In September, 2006, Gwenda LedBetter performed Friday's Father at the North Carolina Stage Company in Asheville, NC. One reviewer for a local paper wrote:
"I think LedBetter is a wonderful storyteller. It is no wonder that she is so celebrated in Asheville and across the state. She has a tremendous speaking voice, a fabulous turn-of-phrase, great humor and acting skills." - Meg Hale, Daly Planet, September, 12, 2006
"I think LedBetter is a wonderful storyteller. It is no wonder that she is so celebrated in Asheville and across the state. She has a tremendous speaking voice, a fabulous turn-of-phrase, great humor and acting skills." - Meg Hale, Daly Planet, September, 12, 2006
Audiences were invited to offer reviews as well. Here is a representative sampling:
"Last night I was privileged to witness Gwenda Ledbetter re-create her life in her one woman show, "Friday's Father". Her performance was utterly luminous and incredibly transporting. It attained a level of expression surpassing mere acting.
"Time and the aging process have not been physically kind to Gwenda and John, her husband. Yet, last night, Gwenda LedBetter transcended all that "old" stuff with an elegant, soaring portrayal of her life and times that left this old man in tears--tears of joy and sadness."

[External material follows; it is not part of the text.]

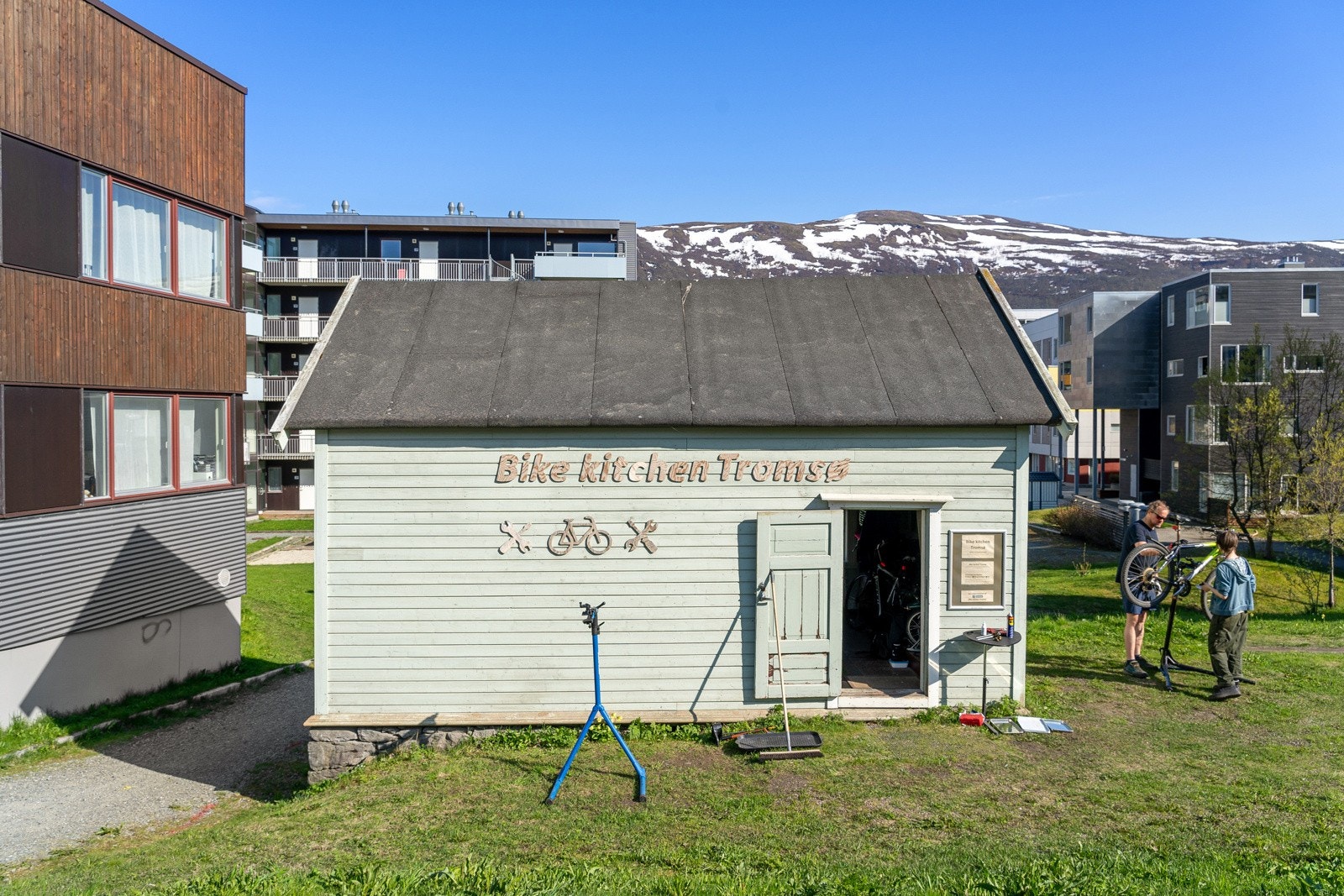 Du finner blant annet "Tromsø Bike Kitchen", her kan du få fikset på sykkelen din. Galleribilde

"When Gwenda finished her story, tears filled my eyes and I was left speechless..."
"Gwenda - A role-model for us all. Your life - mine - all of our lives are stories. In yours I relived Father coming home too. Thank you for your gifts and generosity."
"The beauty and the power of showing us at the most tender times. Wonderful!"
"Your storytelling touches my soul."
"Thank you Gwenda, for touching our hearts and giving comfort."
"Your performance enriched material which was rich in itself - full of the salt of life itself. Thank you."
"Thank you for the great experience of sharing and connecting stories in a spiritual way!"
"Thank you for sharing your beautiful story of your father. I so loved your language of love in your heart. I blame my father for nothing, I forgive him for everything."
"Your story makes me proud to be human."
Audiences reference soul and spirituality; write of feeling touched, connected, and transported. This is a dramatic event: a single individual, speaking of particular places, people, and events, brought about a collective epiphany that makes the audience, in the words of one listener, "proud to be human." How was this accomplished?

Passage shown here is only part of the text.